Nyrob. Église Saint-Nicolas, vue nord-est.

La visite de Prokoudine-Gorski dans le nord de l’Oural, qui a vraisemblablement eu lieu au printemps 1913, à l’occasion du 300e anniversaire de la dynastie des Romanov, comprenait la ville de Tcherdyne et le petit village de Nyrob, qui étaient directement liés à l’histoire de la dynastie des Romanov. Le photographe connaissait personnellement Nicolas II et aurait volontiers entrepris un projet en son nom.

Solikamsk. Cathédrale de la Trinité, vue nord-ouest depuis le clocher de la cathédrale.

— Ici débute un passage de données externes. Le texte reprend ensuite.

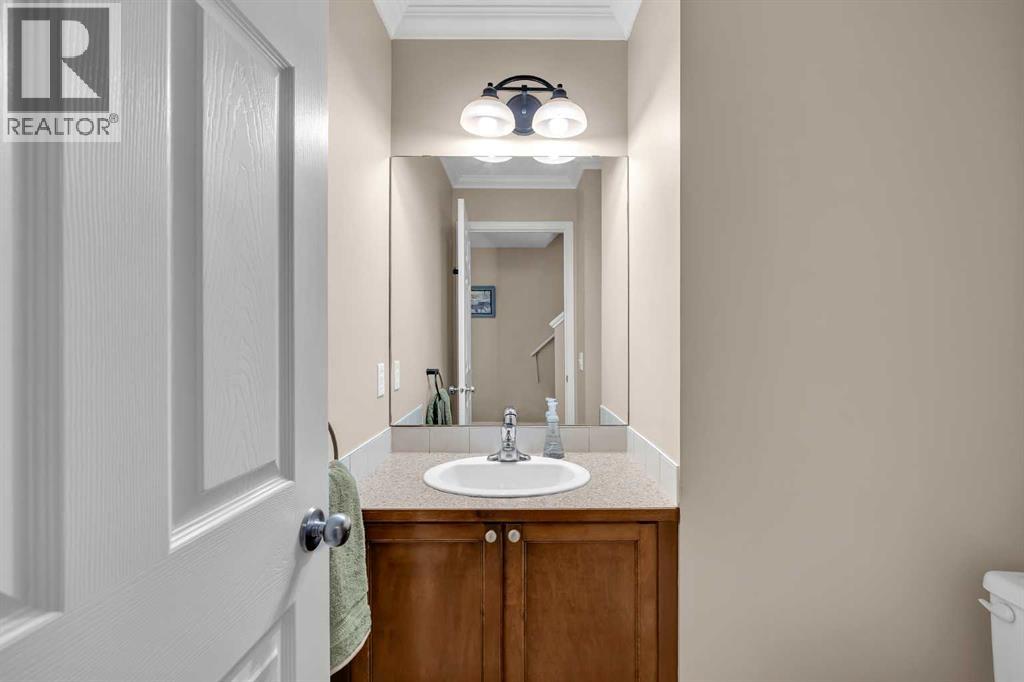 71 Eversyde Heath Sw, Calgary, Alberta  T2Y 4P8 - Photo 17 - A2285086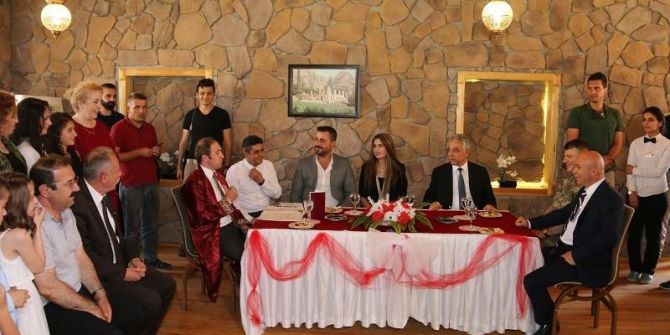Vali Toprak, Genç Çiftin Nikâh Törenine Katıldı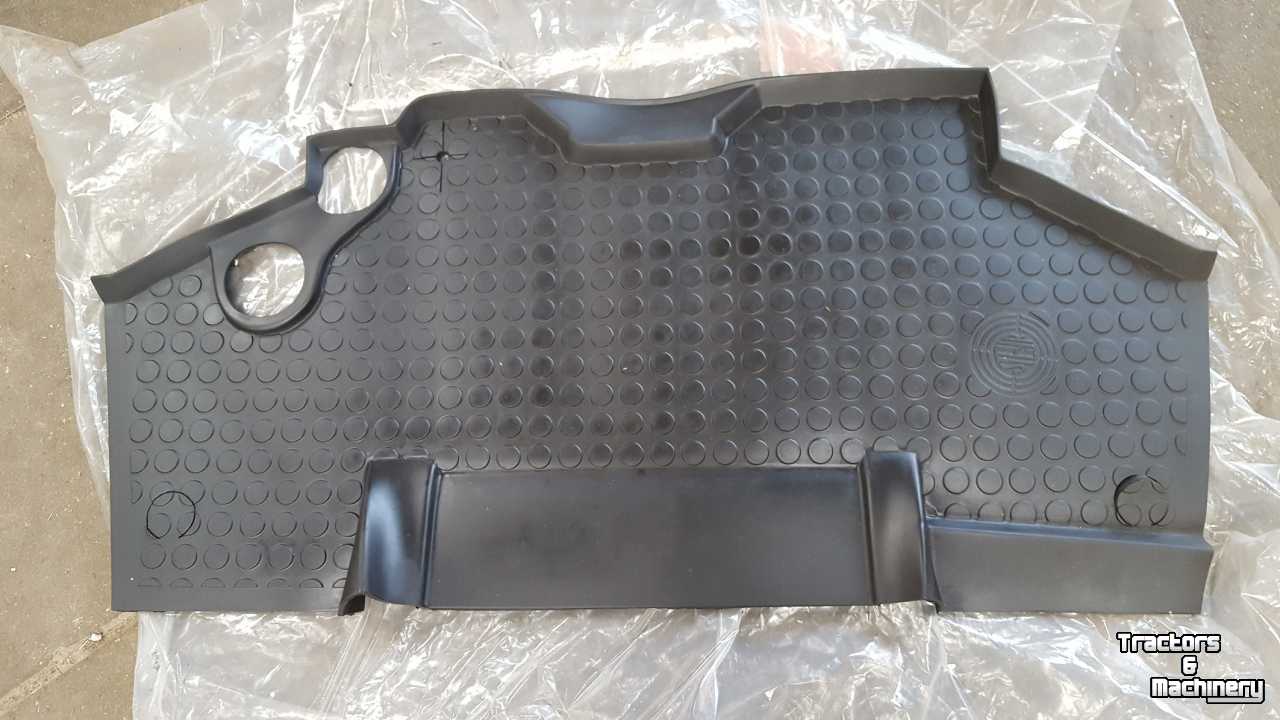Diverse new spare-parts Steyr 80 serie SK1 en SK2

Origines de Solikamsk et commerce des minerais

Bien que Prokoudine-Gorski ait pris plusieurs photographies de ces régions reculées, il n’a pas laissé de traces de sa visite à Solikamsk, une ville historique plus importante située dans la même région, qu’il a probablement traversée en se rendant à Tcherdyne par le nord. Quoi qu’il en soit, Solikamsk possède l’un des ensembles d’architecture historique les plus impressionnants de toute la vaste région de Perm.

Solikamsk. Clocher de la cathédrale. Vue sud.

Située près de la rivière Kama, à quelque 370 kilomètres au nord de la ville de Perm, Solikamsk a été fondée en 1430, lorsque la famille marchande Kalinnikov (originaire de Vologda, dans le nord de la Russie) y a établi une saline. Le nom de la ville signifie d’ailleurs « sel de la Kama ».

Solikamsk. Église de l’Épiphanie, vue sud-ouest.

Aujourd’hui encore, l’économie de Solikamsk (population actuelle d’environ 90 000 habitants) dépend fortement de l’extraction du potassium et des sels connexes. À la fin du XVIIe siècle, Solikamsk servait également de point de transit majeur non seulement vers la Sibérie, mais aussi pour le commerce avec la Chine.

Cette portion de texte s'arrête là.